Navigate to your new directory, and examine the contents:
$ cd /path/to/hemco/run/dir
$ ls
build/ HEMCO_Diagn.rc HEMCO_sa_Spec.rc README
CodeDir@ HEMCO_sa_Config.rc HEMCO_sa_Time.rc rundir.version
HEMCO_Config.rc HEMCO_sa_Grid.4x5.rc OutputDir/ runHEMCO.sh*The following files can be modified to set up your HEMCO standalone simulation.
.. option:: HEMCO_sa_Config.rc
Main configuration file for the HEMCO standalone simulation. This
file points to the other configuration files used to set up your
simulation (e.g. :option:`HEMCO_sa_Grid.4x5.rc`,
:option:`HEMCO_sa_Time.rc`).
This file typically references a :option:`HEMCO_Config.rc` file
using
.. code-block:: none
>>>include HEMCO_Config.rc
which contains the emissions settings. Settings in
:option:`HEMCO_sa_Config.rc` will always override any settings in
the included :option:`HEMCO_Config.rc` file.
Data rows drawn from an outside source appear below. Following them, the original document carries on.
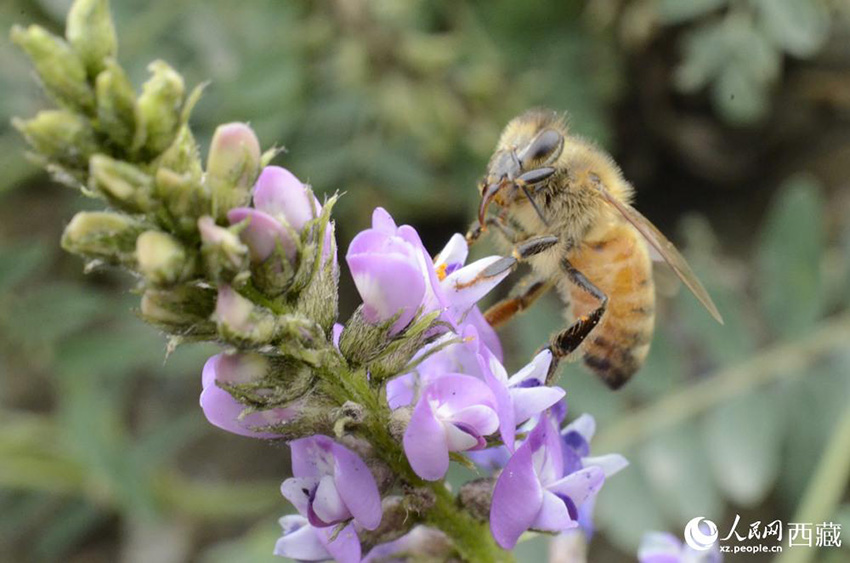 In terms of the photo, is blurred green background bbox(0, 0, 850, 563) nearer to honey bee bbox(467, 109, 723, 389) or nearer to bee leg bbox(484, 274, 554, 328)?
honey bee bbox(467, 109, 723, 389)

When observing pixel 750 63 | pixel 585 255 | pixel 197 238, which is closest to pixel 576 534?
pixel 585 255

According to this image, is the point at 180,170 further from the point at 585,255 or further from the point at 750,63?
the point at 750,63

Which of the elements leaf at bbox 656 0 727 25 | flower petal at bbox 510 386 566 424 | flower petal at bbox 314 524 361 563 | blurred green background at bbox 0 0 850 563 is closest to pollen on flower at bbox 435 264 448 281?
flower petal at bbox 510 386 566 424

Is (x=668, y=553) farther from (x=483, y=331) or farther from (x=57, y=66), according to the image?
(x=57, y=66)

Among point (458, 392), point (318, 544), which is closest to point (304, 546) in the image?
point (318, 544)

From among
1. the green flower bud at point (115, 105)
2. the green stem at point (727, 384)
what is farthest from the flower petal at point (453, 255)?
the green stem at point (727, 384)

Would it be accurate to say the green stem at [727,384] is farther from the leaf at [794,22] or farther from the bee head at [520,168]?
the bee head at [520,168]
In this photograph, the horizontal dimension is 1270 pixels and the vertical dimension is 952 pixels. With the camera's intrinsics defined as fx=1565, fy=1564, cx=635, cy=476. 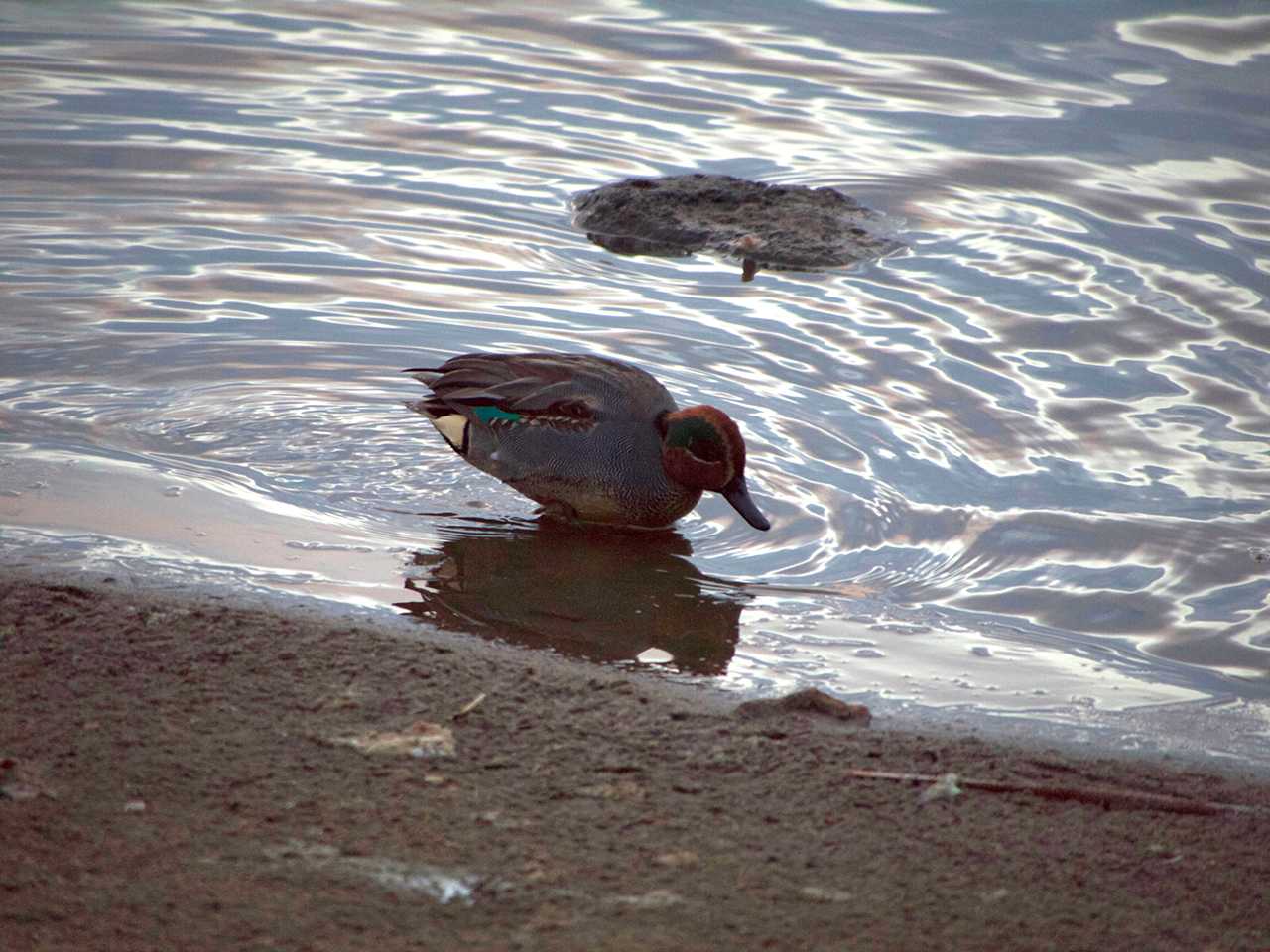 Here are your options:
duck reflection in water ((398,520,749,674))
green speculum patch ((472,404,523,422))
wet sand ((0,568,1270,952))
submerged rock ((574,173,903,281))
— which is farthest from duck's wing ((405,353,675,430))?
submerged rock ((574,173,903,281))

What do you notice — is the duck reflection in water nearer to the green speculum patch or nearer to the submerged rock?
the green speculum patch

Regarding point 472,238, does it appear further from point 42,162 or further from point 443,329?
point 42,162

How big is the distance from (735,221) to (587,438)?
400 centimetres

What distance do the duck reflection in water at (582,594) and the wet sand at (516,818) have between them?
0.71m

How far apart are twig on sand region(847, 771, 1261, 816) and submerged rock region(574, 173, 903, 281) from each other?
19.7 feet

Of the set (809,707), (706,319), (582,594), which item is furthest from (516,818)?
(706,319)

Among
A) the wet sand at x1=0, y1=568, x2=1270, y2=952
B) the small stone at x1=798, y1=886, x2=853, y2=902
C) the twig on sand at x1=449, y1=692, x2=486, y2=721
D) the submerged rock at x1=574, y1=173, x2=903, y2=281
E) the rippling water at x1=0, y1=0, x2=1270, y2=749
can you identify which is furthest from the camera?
the submerged rock at x1=574, y1=173, x2=903, y2=281

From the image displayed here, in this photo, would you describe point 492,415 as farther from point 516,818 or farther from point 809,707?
point 516,818

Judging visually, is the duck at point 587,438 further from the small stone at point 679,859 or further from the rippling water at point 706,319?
the small stone at point 679,859

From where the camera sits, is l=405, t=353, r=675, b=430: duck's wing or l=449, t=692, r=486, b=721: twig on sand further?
l=405, t=353, r=675, b=430: duck's wing

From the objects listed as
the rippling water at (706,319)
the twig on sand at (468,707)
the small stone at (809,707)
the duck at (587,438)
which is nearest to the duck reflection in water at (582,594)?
the rippling water at (706,319)

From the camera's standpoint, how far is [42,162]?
36.0ft

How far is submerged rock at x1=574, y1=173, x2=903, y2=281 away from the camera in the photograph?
387 inches

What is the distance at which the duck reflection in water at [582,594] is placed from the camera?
206 inches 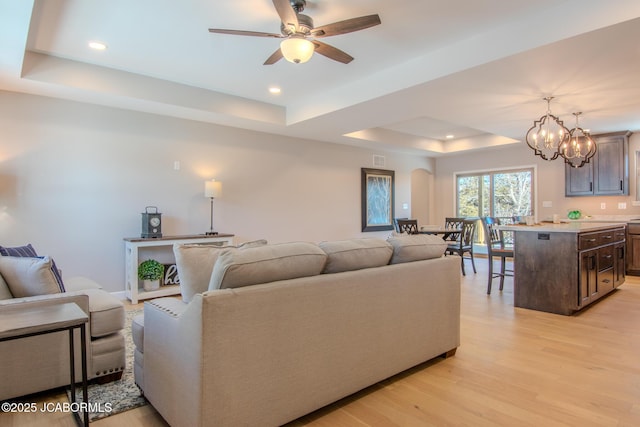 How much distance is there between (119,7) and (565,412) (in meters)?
4.03

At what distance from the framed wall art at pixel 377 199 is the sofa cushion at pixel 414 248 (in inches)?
188

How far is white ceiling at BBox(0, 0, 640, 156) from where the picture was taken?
110 inches

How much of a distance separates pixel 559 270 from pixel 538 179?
4.24m

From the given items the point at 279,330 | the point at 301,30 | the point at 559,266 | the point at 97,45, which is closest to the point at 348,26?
the point at 301,30

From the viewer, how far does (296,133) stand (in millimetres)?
6055

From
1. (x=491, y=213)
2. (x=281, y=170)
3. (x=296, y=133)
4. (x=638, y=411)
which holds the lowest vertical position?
(x=638, y=411)

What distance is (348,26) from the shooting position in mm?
2551

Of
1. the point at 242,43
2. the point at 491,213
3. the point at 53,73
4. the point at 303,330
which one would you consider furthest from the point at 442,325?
the point at 491,213

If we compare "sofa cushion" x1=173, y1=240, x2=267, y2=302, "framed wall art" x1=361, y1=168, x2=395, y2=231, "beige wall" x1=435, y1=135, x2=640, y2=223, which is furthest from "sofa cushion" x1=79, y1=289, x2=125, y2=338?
"beige wall" x1=435, y1=135, x2=640, y2=223

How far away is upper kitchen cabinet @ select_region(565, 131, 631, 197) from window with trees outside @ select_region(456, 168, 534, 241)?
1.01m

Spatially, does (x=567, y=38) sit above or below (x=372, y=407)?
above

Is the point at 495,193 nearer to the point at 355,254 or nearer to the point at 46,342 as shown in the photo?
the point at 355,254

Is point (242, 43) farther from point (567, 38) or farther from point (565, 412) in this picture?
point (565, 412)

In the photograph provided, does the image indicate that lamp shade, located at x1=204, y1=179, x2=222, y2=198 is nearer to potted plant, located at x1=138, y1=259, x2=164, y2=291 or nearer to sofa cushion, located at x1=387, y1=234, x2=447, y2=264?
potted plant, located at x1=138, y1=259, x2=164, y2=291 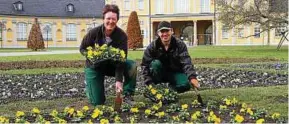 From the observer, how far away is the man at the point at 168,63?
6078 millimetres

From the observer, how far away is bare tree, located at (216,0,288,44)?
27.4m

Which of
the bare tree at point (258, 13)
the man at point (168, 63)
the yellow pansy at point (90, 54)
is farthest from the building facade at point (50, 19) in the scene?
the yellow pansy at point (90, 54)

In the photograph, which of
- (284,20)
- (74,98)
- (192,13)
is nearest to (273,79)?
(74,98)

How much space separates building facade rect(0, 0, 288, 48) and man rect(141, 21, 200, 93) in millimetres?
47821

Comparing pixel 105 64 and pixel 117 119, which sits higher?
pixel 105 64

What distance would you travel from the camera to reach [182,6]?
193ft

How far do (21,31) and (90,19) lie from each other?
8990 mm

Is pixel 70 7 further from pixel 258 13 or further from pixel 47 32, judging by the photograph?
pixel 258 13

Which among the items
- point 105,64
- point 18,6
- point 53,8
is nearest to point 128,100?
point 105,64

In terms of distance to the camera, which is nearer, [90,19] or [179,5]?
[179,5]

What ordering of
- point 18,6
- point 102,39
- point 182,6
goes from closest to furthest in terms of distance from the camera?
point 102,39 < point 18,6 < point 182,6

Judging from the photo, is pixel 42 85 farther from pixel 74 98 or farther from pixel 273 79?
pixel 273 79

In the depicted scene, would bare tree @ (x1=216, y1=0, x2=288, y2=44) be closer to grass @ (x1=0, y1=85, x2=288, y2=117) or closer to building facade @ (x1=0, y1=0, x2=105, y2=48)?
grass @ (x1=0, y1=85, x2=288, y2=117)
.. option:: HEMCO_Config.rc
Contains emissions settings. :option:`HEMCO_Config.rc` can be taken
from a another model (such as GEOS-Chem), or can be built from a
sample file.
For more information on editing :option:`HEMCO_Config.rc`, please
see the following chapters: :ref:`hco-cfg`, :ref:`edit-hco-cfg`,
and :ref:`cfg-ex`.
.. important::
Make sure that the path to your data directory in the
:option:`HEMCO_Config.rc` file is correct. Otherwise, HEMCO
standalone will not be able read data from disk.
.. option:: HEMCO_Diagn.rc Specifies which fields to save out to the HEMCO diagnostics file saved in :file:`OutputDir` by default. The frequency to save out diagnostics is controlled by the :option:`DiagnFreq` setting in :option:`HEMCO_sa_Config.rc` For more information, please see the chapter entitled :ref:`hco-diag-configfile`.
.. option:: HEMCO_sa_Grid.4x5.rc Defines the grid specification. Sample files are provided for 4.0 x 5.0, 2.0 x 2.5, 0.5 x 0.625, and 0.25 x 0.3125 global grids in :file:`HEMCO/run/` and are automatically copied to the run directory based on options chosen when running :file:`createRunDir.sh`. you choose to run with a custom grid or over a regional domain, you will need to modify this file manually.
.. option:: HEMCO_sa_Spec.rc Defines the species to include in the HEMCO standalone simulation. By default, the species in a GEOS-Chem full-chemistry simulation are defined. To include other species, you can modify this file by providing the species name, molecular weight, and other properties.
.. option:: HEMCO_sa_Time.rc Defines the start and end times of the HEMCO standalone simulation as well as the emissions timestep (s).
.. option:: runHEMCO.sh Sample run script for submitting a HEMCO standalone simulation via SLURM.